# Can't make friends



## julia11 (Jul 28, 2016)

Hey everyone, I'm new in here. I don't know if you can help me but I'm just feeling really sad 'cause I don't have any friends. I literally have no one to talk to during the day, and that is making me so depressed...I've had depression for some years, but I got a little better 2 months ago, stopped thinking about suicide. Well, now it's back. I just don't know how to make friends, I always feel like I'm trying too hard to fit in. I don't know, I'm just so sad. Thanks for anyone who writes me back, peace to you all.


----------



## sad1231234 (Jul 10, 2016)

That must be very hard to cope with. Things always get better eventually, so whatever you do, dont give up hope. If you need someone to talk to, feel free to message me, i would love to have someone to chat to


----------



## tcv (Mar 2, 2010)

I know how you feel :hug


----------



## ShadowOnTheWallAlt (Jun 27, 2016)

What have you tried so far?

Links in my sig might help


----------



## Dream23 (Aug 2, 2016)

I feel ya. I don't understand when I visit the park and see people talking, laughing, and holding hands. It is truly something I don't understand myself.


----------



## Resergence (Mar 7, 2016)

Don't feel down bro I was walking threw my local cbd today and so many people socializing and I felt awkward and lonely so don't feel bad man.


----------



## jennyyyxo (Apr 3, 2015)

I feel the same way :frown2:


----------



## izzobaby (Jun 22, 2015)

julia11 said:


> I just don't know how to make friends, I always feel like I'm trying too hard to fit in. I don't know, I'm just so sad. Thanks for anyone who writes me back, peace to you all.

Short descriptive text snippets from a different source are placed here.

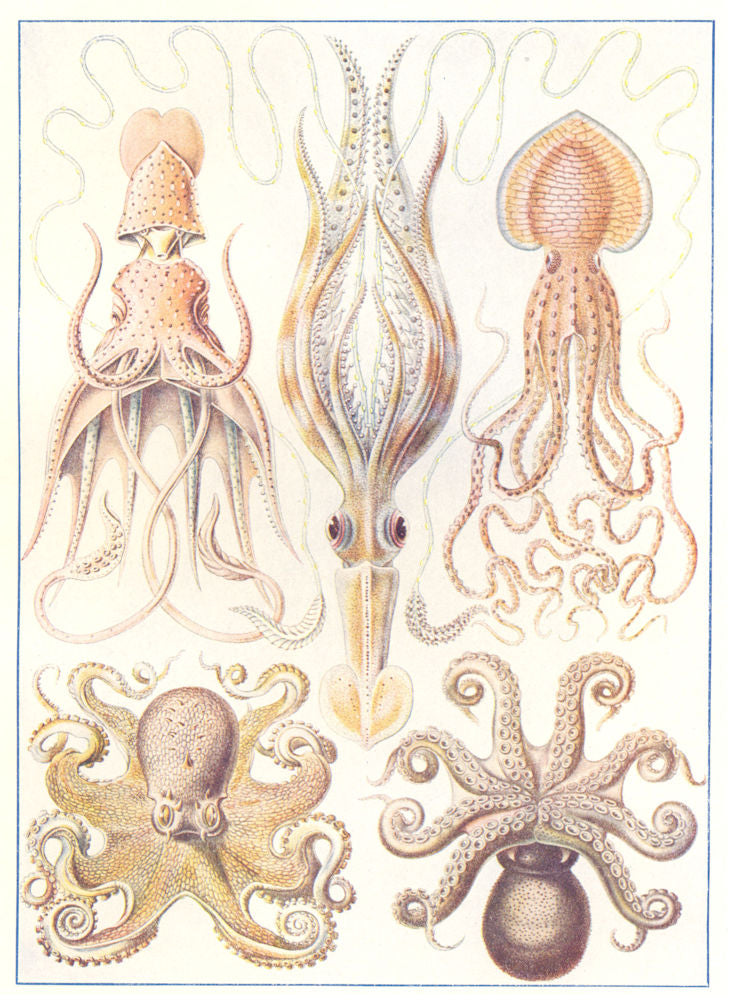 CRUSTACEANS. Decapods and Octopods Octopus Squid 1907 old antique print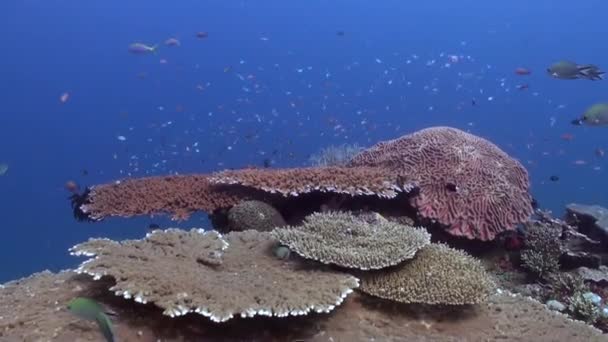 Дайвинг Коралловом Рифе Бали Является Впечатляющим Школы Рыб Подводном Коралловом — стоковое видео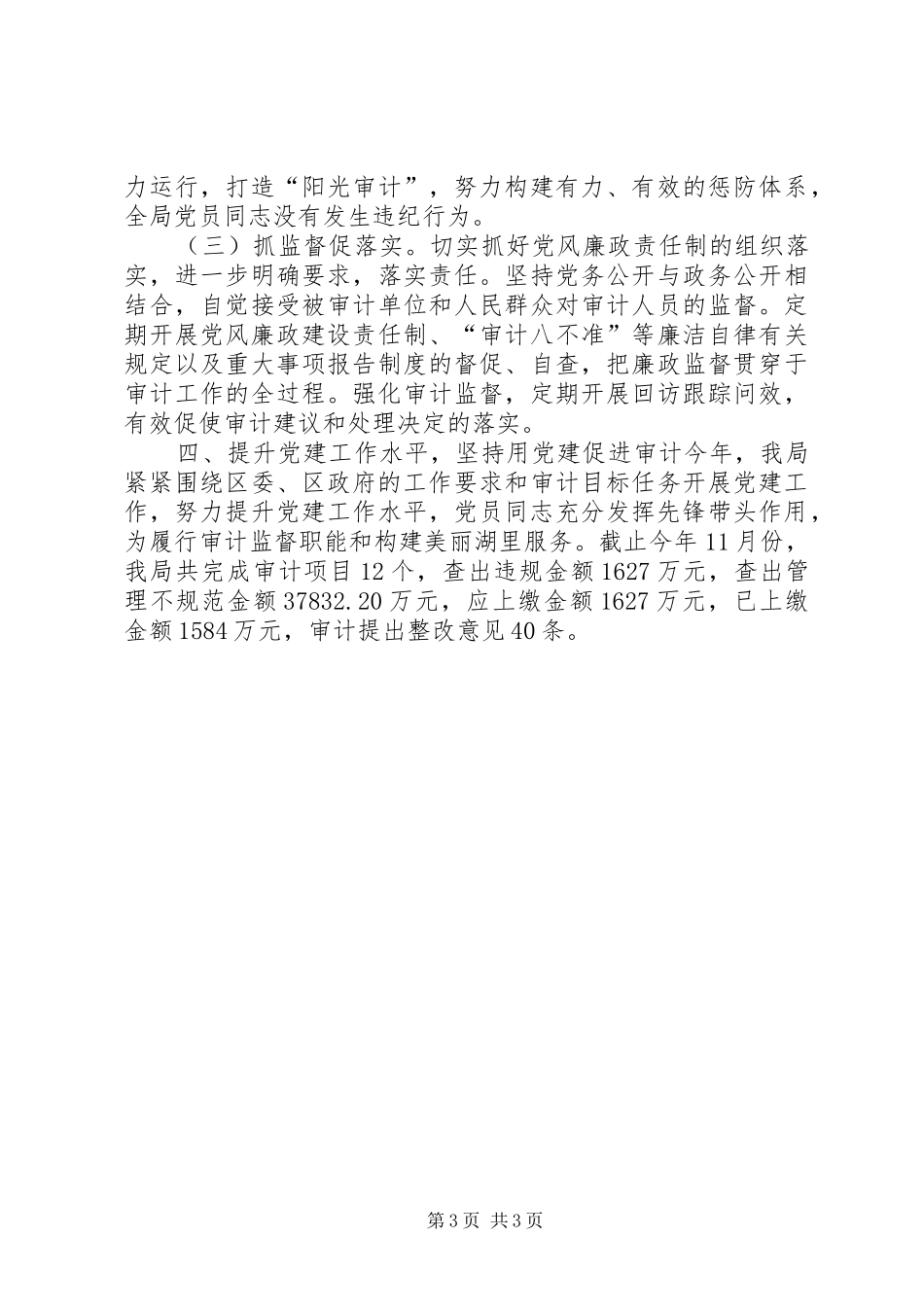 审计局党支部年度工作总结_第3页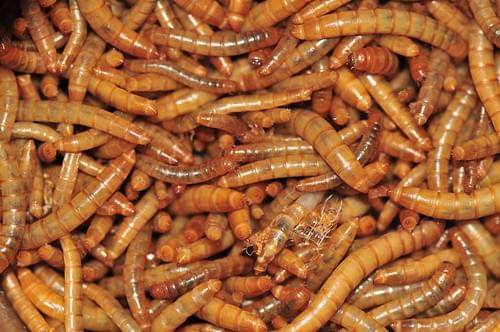 Ilustrasi ulat tepung si pemakan styrofoam yang tahan racun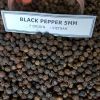 Black Pepper 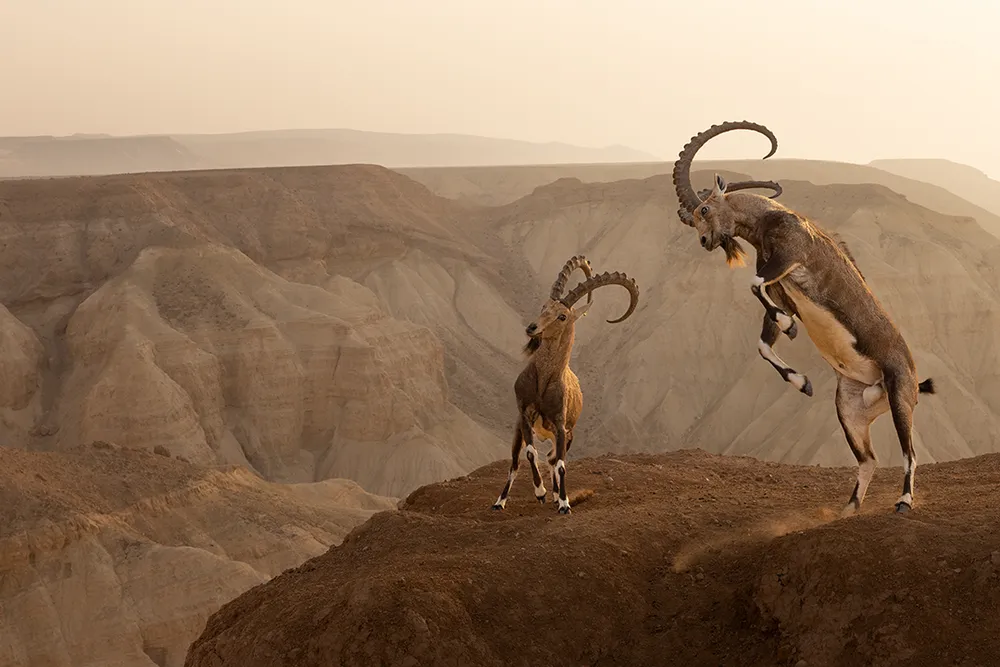 two Nubian ibexes fight on a cliffside; one of them is reared up on its hind legs. A desert canyon is in the background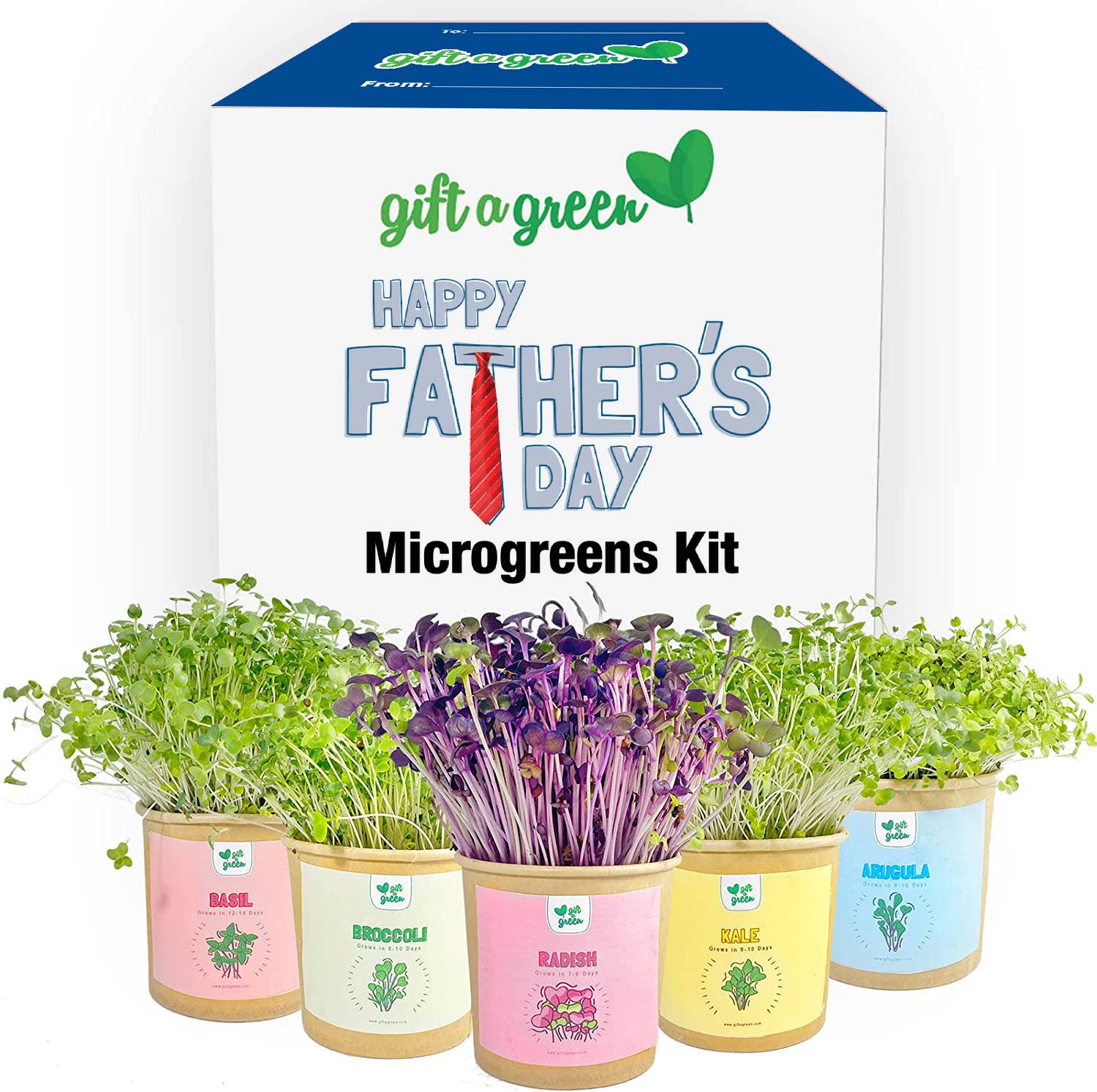 Happy Fathers Day Gift Box – giftagreen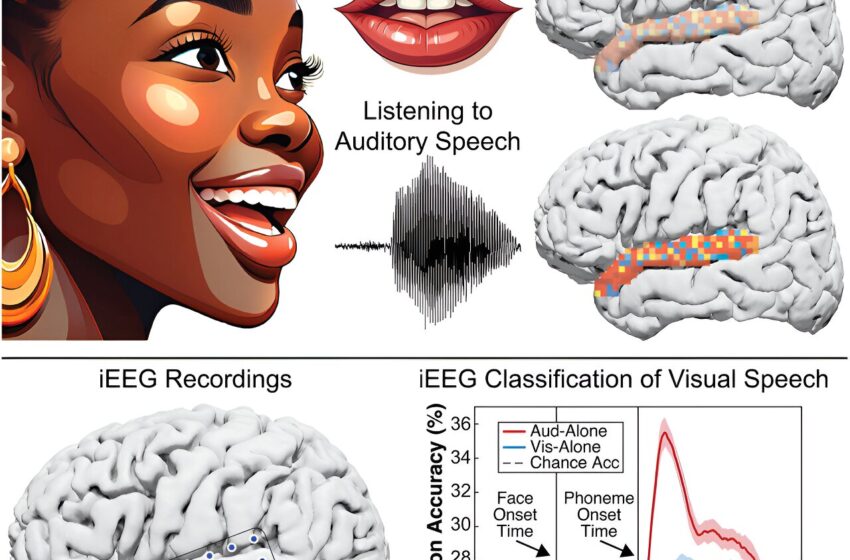  La lecture labiale active des régions du cerveau similaires à la parole réelle, montrent les chercheurs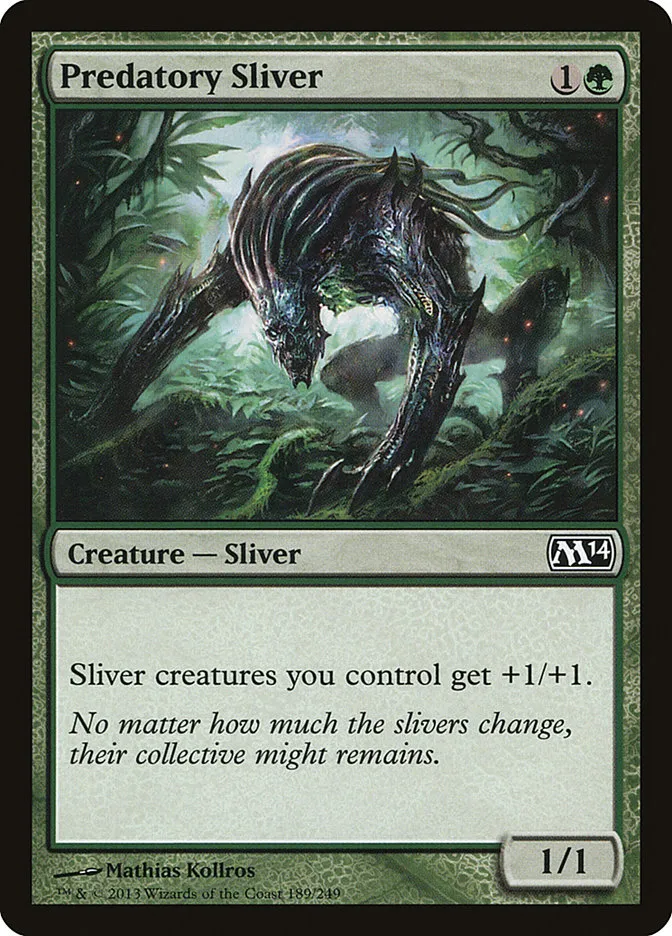 Predatory Sliver Front Face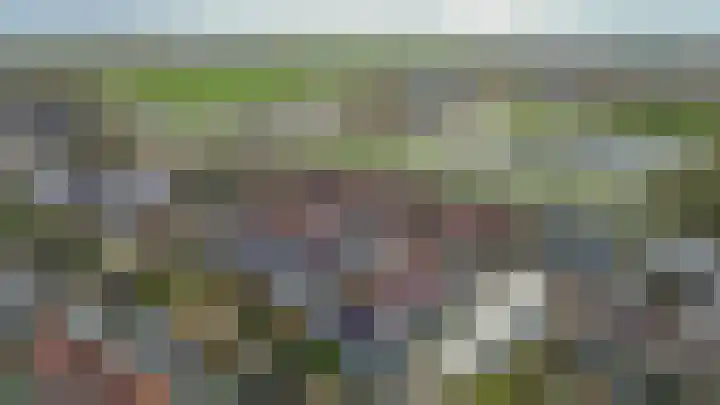Karekiet 2 Sommelsdijk thumbnail 50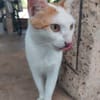BLOUX Chat mâle européen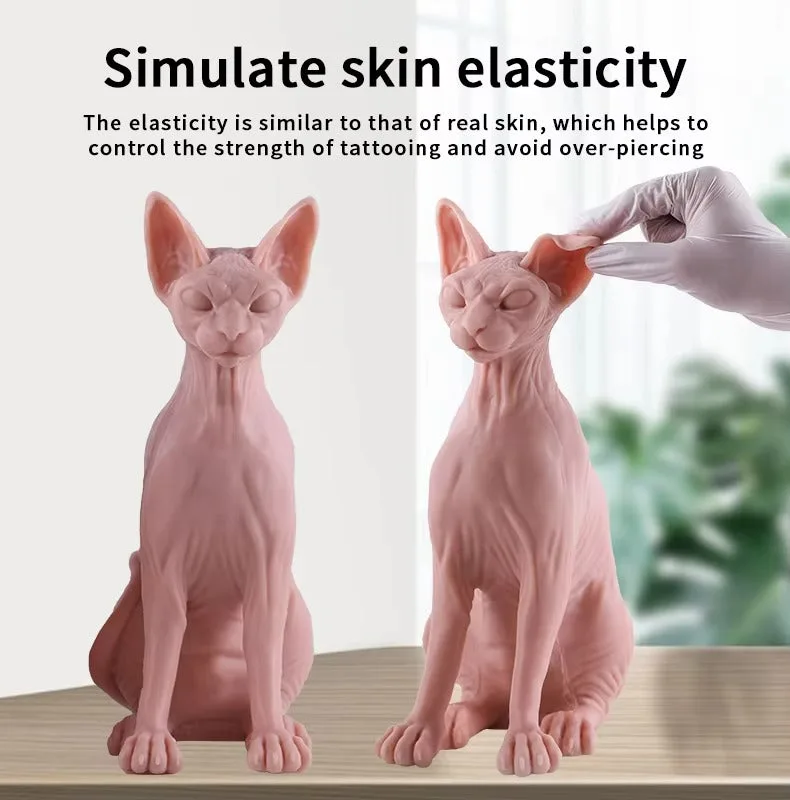 modèle 3D d'entraînement en silicone - image 7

Feel your pain OP, many including myself deal with this issue 

One thing which is worth doing is figuring out what you're about...pursuing your passions/interests, understanding your personality, staying healthy and being confident in yourself. 
Because ultimately this will at least help attract the right types of people. Its something I'm slowly learning, "birds of one feather flock together".

If you're good person, Im sure the good people out there will wanna get to know you. Just be wary with some people, I've been a victim to user type friends/people that have occasionally entered my life and its better to have two nice friends than a bunch of flakes lol.

Hopefully things will turn around for you soon OP (hugs).


----------



## twitchy666 (Apr 21, 2013)

*you can't make 'em √*

only their parents could

you're not their parent

Does this mean parents can't manufacture friends for offspring?


----------